# Changing Crop Tool Orientation



## Sams Clicks (Jan 2, 2013)

In lightroom, I find one feature of the crop tool very annoying. If you want to move the rectangle showing the section of the photo you are cropping, it moves in the opposite direction of your mouse. So say I select a region of the photo to crop, and then decide that I want to move the rectangle to the right. To do this I have to move my mouse to the left. Say I want to move the square up; I have to move the mouse down for it. I find this counter-intuitive for me, is there any way to change this so that when I move the mouse right, the rectangle moves right, when I move the mouse up, the rectangle moves up etc. ? 
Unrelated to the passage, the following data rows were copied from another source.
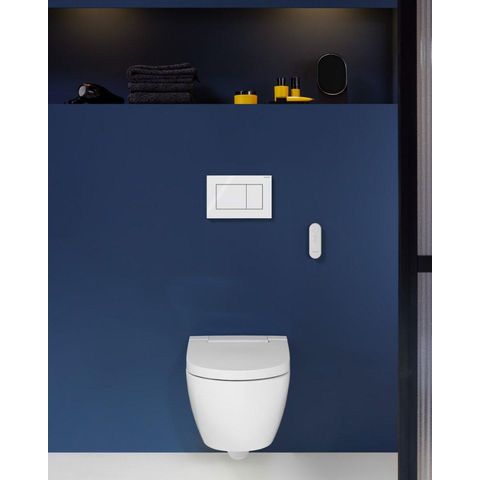 Plaque de commande Geberit Sigma01 - chasse d'eau à 2 boutons - carré - blanc alpin SW1237073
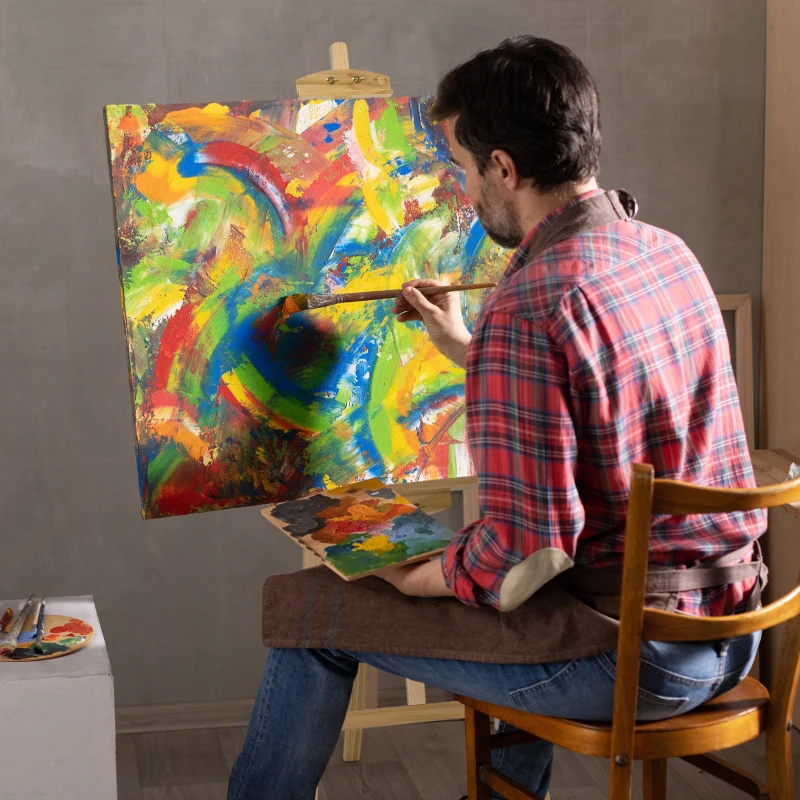 HOMCOM Cavalletto per Pittura Portatile e Pieghevole, Altezza e Inclinazione Regolabili, Colore Legno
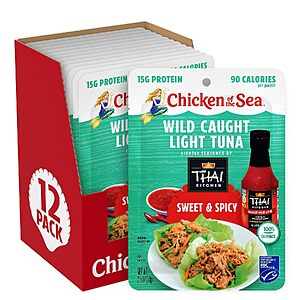 [Prime] 12-Pack 2.5-Oz Chicken of the Sea Wild Caught Light Tuna Packets (Sweet & Spicy) $5.94 w/ S&S + Free Shipping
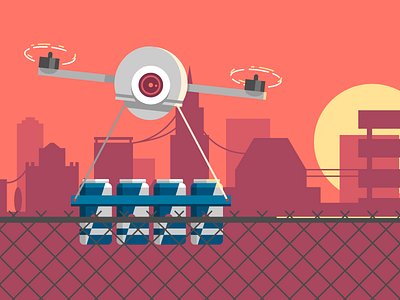 Drone city drink drone energy fence flat fly illustration sunset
I didn't find anything to that effect, but figured I'd ask. 

Thanks.


----------



## clee01l (Jan 2, 2013)

You are thinking about this backwards.  You do not move the rectangle on the image you move the image under the rectangle.  Other applications that use rectangles have anchor points on the corners and sides of the rectangle and sometimes a rotation pin in the center.  To move these rectangles, you grab the anchor point or some place ON the rectangle and drag the rectangle  In LR if you place the cursor inside the rectangle and "grab".  You are grabbing the underlying image.  
As long as you look at the process in this light it is very intuitive.  I stumbled on this when I first tried LR cropping too.  Once you are able to grasp (pun intended) the concept, it becomes second nature.


----------



## Victoria Bampton (Jan 2, 2013)

It takes some getting used to, doesn't it.  It seems people like it once they get used to it, so much so that they've just added the same functionality into CS6.


----------



## MarkNicholas (Jan 3, 2013)

Yes I agree, initially it is a bit disconcerting particularly coming from PS, but after adjusting a few images you soon get used to it. I find the crop tool in LR to be one of its best features.


----------



## Brad Snyder (Jan 3, 2013)

But to answer the OP's question, there's no magic 'swap' button. And to reiterate the fundamental feedback we've been getting from the UI design team since day 1, "Get used to it, this is better."
By that I mean, the interface is not likely to change in the foreseeable future.


----------



## Kiwigeoff (Jan 3, 2013)

Photoshop has moved to the Lightroom model now!:disgusted:


----------



## MarkNicholas (Jan 4, 2013)

Kiwigeoff said:


> Photoshop has moved to the Lightroom model now!:disgusted:



That shows you how long it is since I used Photoshop !!!


----------



## Sams Clicks (Jan 13, 2013)

Clee01 & other posters here, 

Thanks for your input. I've been implementing this "point of view" you described i.e. thinking about it the other way round, and indeed I find that it does get a lot easier. If it was upto me I'd have it the other way round, but that's just me. Thanks for the perspective though, makes it much easier now. 




clee01l said:


> You are thinking about this backwards.  You do not move the rectangle on the image you move the image under the rectangle.  Other applications that use rectangles have anchor points on the corners and sides of the rectangle and sometimes a rotation pin in the center.  To move these rectangles, you grab the anchor point or some place ON the rectangle and drag the rectangle  In LR if you place the cursor inside the rectangle and "grab".  You are grabbing the underlying image.
> As long as you look at the process in this light it is very intuitive.  I stumbled on this when I first tried LR cropping too.  Once you are able to grasp (pun intended) the concept, it becomes second nature.


----------



## Mark Sirota (Jan 13, 2013)

As a way of persuading yourself that LR isn't backward, think about crop rotation.  If you rotate the crop rectangle but leave the photo behind it alone, then you'd need to tilt your head to see whether you've got it straight.  If you rotate the photo behind the crop rectangle, then your head can stay straight up.


----------



## Norfolk Lad (Feb 18, 2013)

> As a way of persuading yourself that LR isn't backward, think about crop rotation



You can learn about it at agricultural college.


----------



## Hal P Anderson (Feb 18, 2013)

Hal


----------



## clee01l (Feb 18, 2013)

Crop rotation is not so important with the proper fertilizer. We seem to have plenty of that around here.


----------